We believe that it is important for the operation of AI systems to be understandable and interpretable by people, for purposes of explaining the technology.”

And they are not the only ones; the UK government’s chief scientist has made similar calls: “Current approaches to liability and negligence are largely untested in this area. Asking, for example, whether an algorithm acted in the same way as a reasonable human professional would have done in the same circumstance assumes that this is an appropriate comparison to make. The algorithm may have been modelled on existing professional practice, so might meet this test by default. In some cases it may not be possible to tell that something has gone wrong, making it difficult for organisations to demonstrate they are not acting negligently or for individuals to seek redress. As the courts build experience in addressing these questions, a body of case law will develop.”

Building that case law knowledge will take time, as AI systems and their use matures and evidence from the field feeds in new data to make us understand better how to regulate AI systems. Current practice highlights that this is not easy: for example, the well-publicized, and unfortunately fatal crashes of a famous AV/EV car manufacturer, puzzle a lot of practitioners and law enforcement agencies: the interim report of one of the fatal crashes reported, points to a human driver error – as the driver did not react on time to prevent the fatal crash – but the role and functionality of the autopilot feature is at the core of this saga: did it malfunction by way of not identifying correctly the object that obstructed the vehicles’ route? It appears that the truck was cutting across the car’s path instead of driving directly in front of it, which the radar is better at detecting, and the camera-based system wasn’t trained to recognize the flat slab of a truck’s side as a threat. But even if it did, does it really matter?

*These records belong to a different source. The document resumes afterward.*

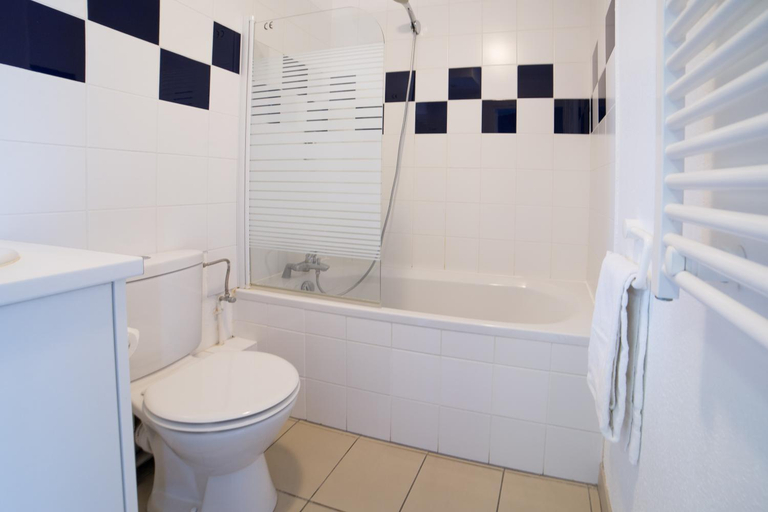 Bathroom 4, Residence Cerise Strasbourg, Bas-Rhin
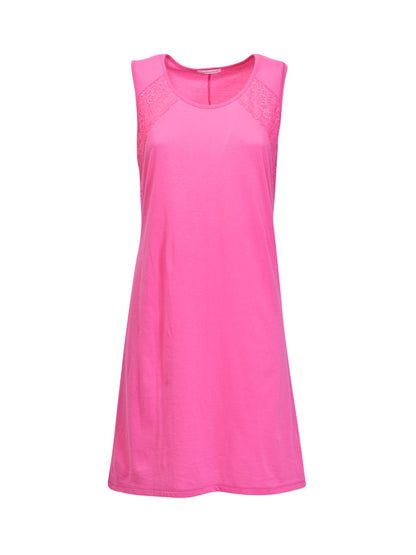 Verdissima's short nightgown features wide shoulder straps adorned with macro-flower motif lace inserts for an updated, modern look.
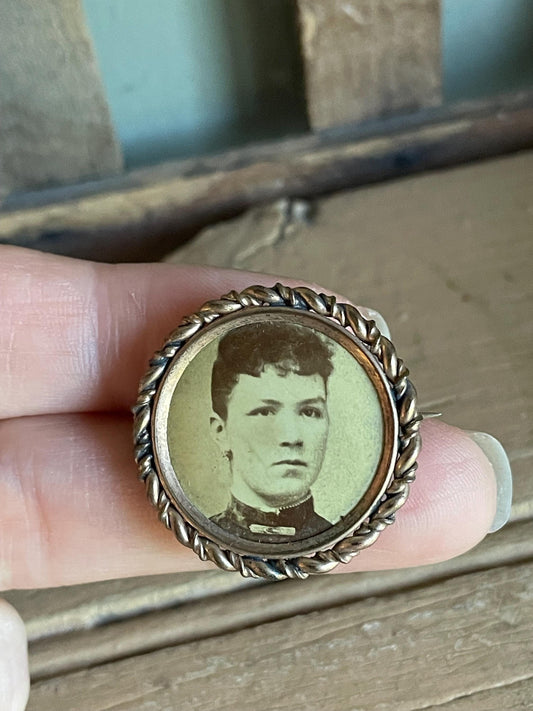 A Late Victorian Portriat of a Lady Wearing Jewlery Photograph Brooch
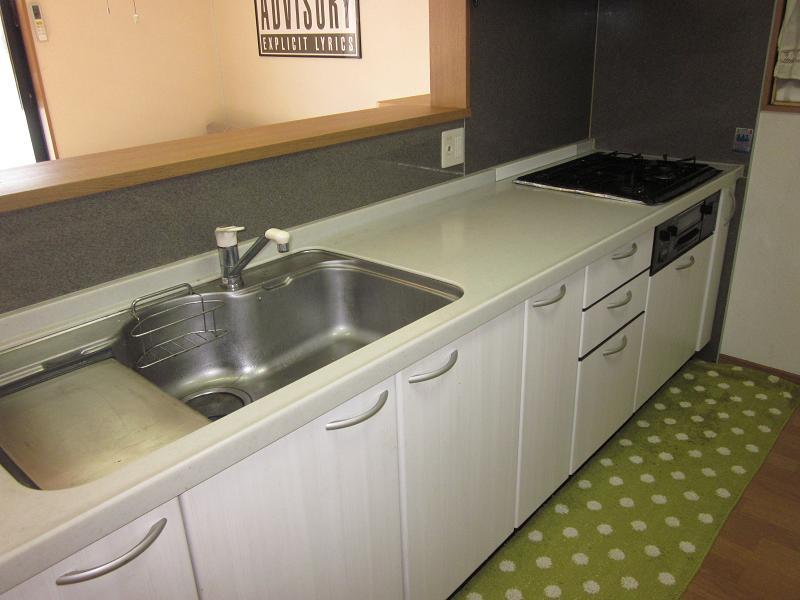 Kitchen. Bright white keynote kitchen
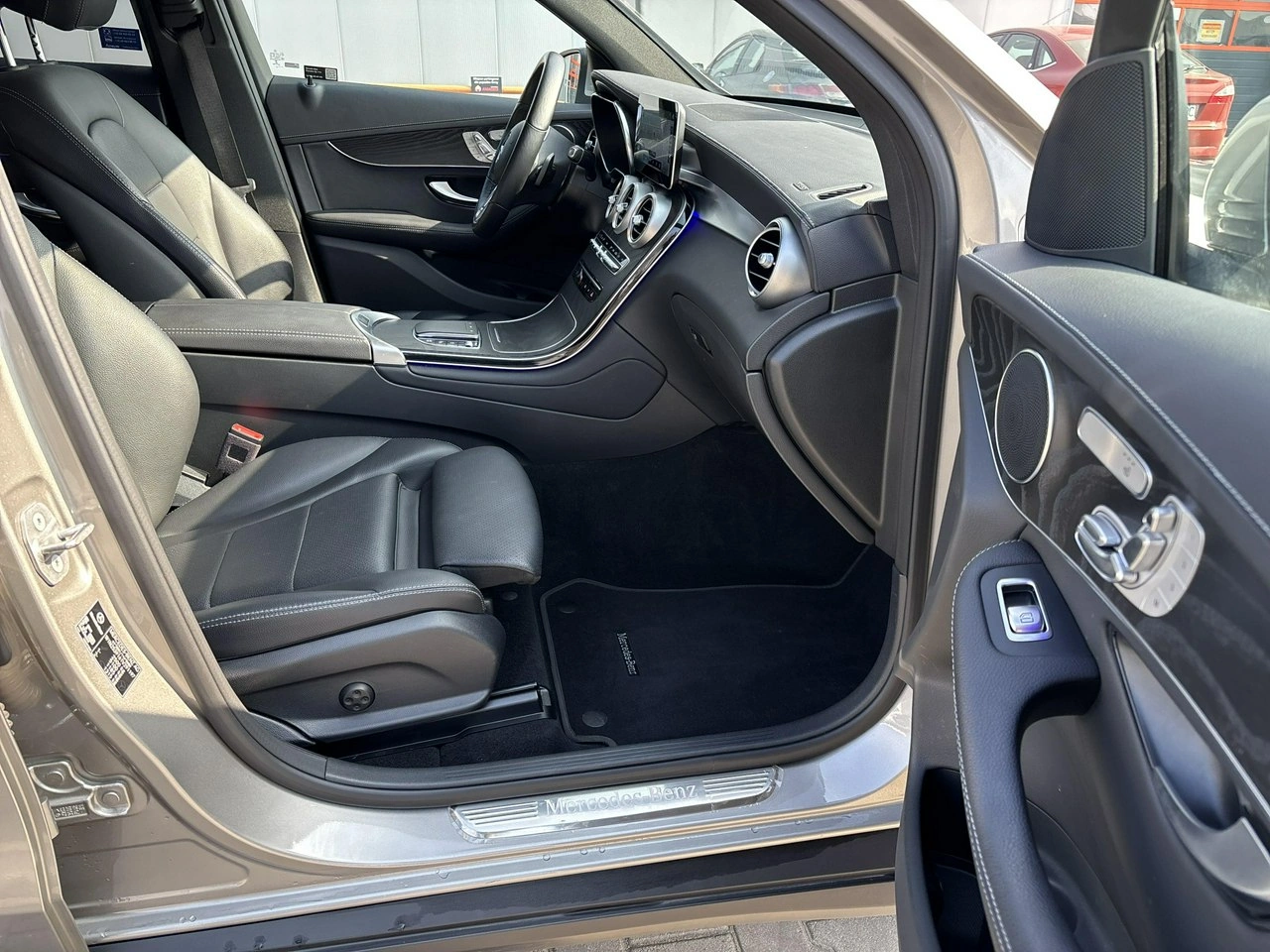 Mercedes GLC 200 - Zdjęcie 19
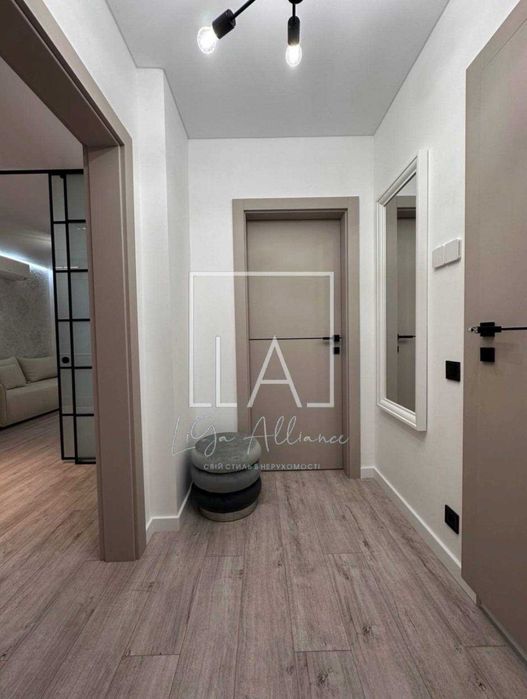 Продава се апартамент 103.48 кв.м. Поморие. Без интерес.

The US transportation secretary voiced a warning that “drivers have a duty to take seriously their obligation to maintain control of a vehicle”. The problem appears to be in the public perception of what an autonomous vehicle can do. Marketing and commercial interests seem to have pushed out the message of what can be done rather than what can’t be done with a semi-autonomous vehicle. But this is changing now, in the light of the recent crashes and interestingly enough, if it was AI (by way of machine vision) and conventional technology (cameras and radar) that let us down, the manufacturer is bring in more AI to alleviate the situation and deliver a more robust and safe semi-autonomous driving experience.

Where do we go from here

So, any rushed initiative to put out some sort of an AI watchdog in response to our fears and misconception of the technology will, most likely, fail to deliver the anticipated results. We’d rather spend more time and effort to make sure we push out the right message about AI, what it can do and most importantly, what it can’t do. AI systems and current practice also needs to mature and reach a state where we have, at the very least, a traceable reasoning log and the system can adequately and in human terms, explain and demonstrate how it reached its decisions. Educating the public, law and policy stakeholders is critical too. As the early encounters with the law enforcement agencies in the AV/EV semi-autonomous vehicles show, there is little understanding of what the technology really does, and where you draw the line in a mixed human-machine environment; how do you identify the culprit in a symbiotic environment where is hard to tell who’s in control: human or machine? Or both?

I sense that what we need more is not a heavy handed, government-led or industry lobby-led watchdog, but commonly agreed practices, principles, protocols and common operating models that will help practitioners to deliver safe AI and beneficiaries to enjoy it. It may well be the case that once we develop a solid body of knowledge about best practices, protocols and models, we set up independent watchdogs, free from commercial influence, to make sure everyone is playing by the rules.